1

I am using python (pydub) and I am trying to split an audio file when the sound changes and the sound is uniform. I really hate to post entire code but I have tried multiple options but without any success. In this method, it cuts but it will generate either part of the sound or avoid it and the sounds' length varies in the same sound file. You may found the first sound for 3 sec and the second sound for 5 seconds and so on. Kindly help me.

from pydub import AudioSegment
from pydub.silence import split_on_silence
import threading
import time


r = sr.Recognizer()

def worker(audio, silenceLen, silenceThresh, **kwargs):
    
    chunk = split_on_silence (audio, min_silence_len = silenceLen, silence_thresh = silenceThresh, keep_silence=keepSilence)
    
    if chunk != []:
        chunks.append({'Chunk':chunk,'SilenceThresh': silenceThresh, 'SilenceLen': silenceLen, 'keepSilence': keepSilence})

    threads.pop()
    return



def match_target_amplitude(aChunk, target_dBFS):
    ''' Normalize given audio chunk '''
    change_in_dBFS = target_dBFS - aChunk.dBFS
    return aChunk.apply_gain(change_in_dBFS)

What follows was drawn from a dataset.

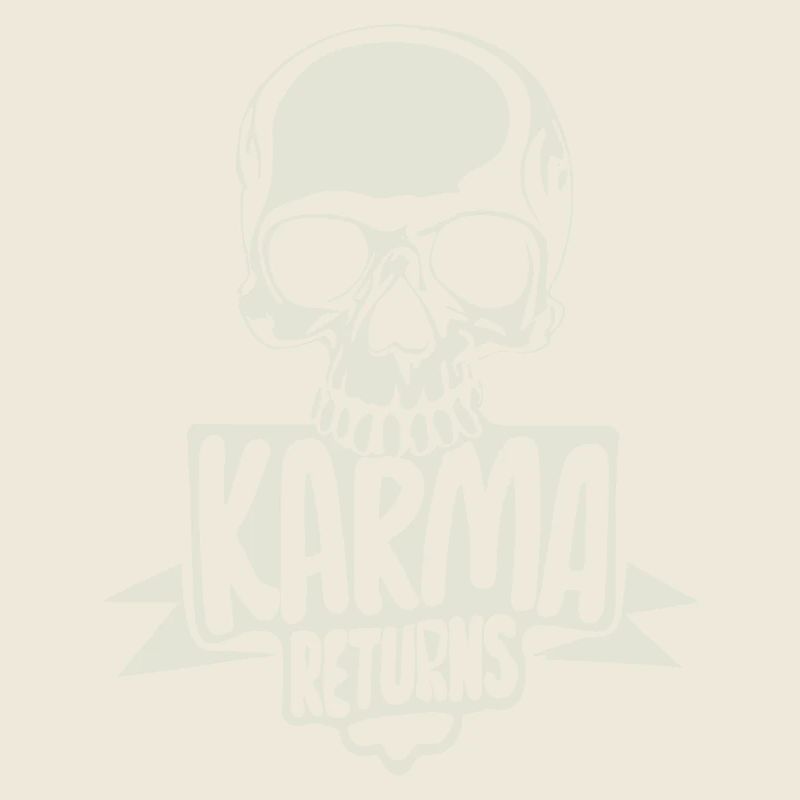 Karma returns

audio = AudioSegment.from_wav("Audio/Sample001/001/001000.wav")


threads = []

chunks = []

# My PC specs
max_num = 20
# EDIT: Forgot to add this 
keepSilence = 100

# Testing for better parameters
for silenceLen in range(1, 1000): # Can be changed
    if len(chunks) >= max_num:
            break
    for silenceThresh in range(-30, 30): # Can be changed
        t = threading.Thread(target=worker, kwargs={'audio': audio, 'silenceThresh': silenceThresh, 'silenceLen': silenceLen, 'keepSilence' : keepSilence})
        threads.append(t)
        t.start()
        while len(threads) == 50:
            print('Waiting')
            time.sleep(3)
        
        if len(chunks) >= max_num:
            break

# Saving the slices            
for data in chunks:
    num = 0
    for i, chunk in enumerate(data['Chunk']):
        silence_chunk = AudioSegment.silent(duration=0)
        audio_chunk = silence_chunk + chunk + silence_chunk
        normalized_chunk = match_target_amplitude(audio_chunk, -10.0)
        normalized_chunk.export(
            "Audio/Sample001/001/chunk/{}.wav".format(str(i + num).zfill(3)),
            bitrate = "192k",
            format = "wav"
        )
    
    num+=1

0 Answers0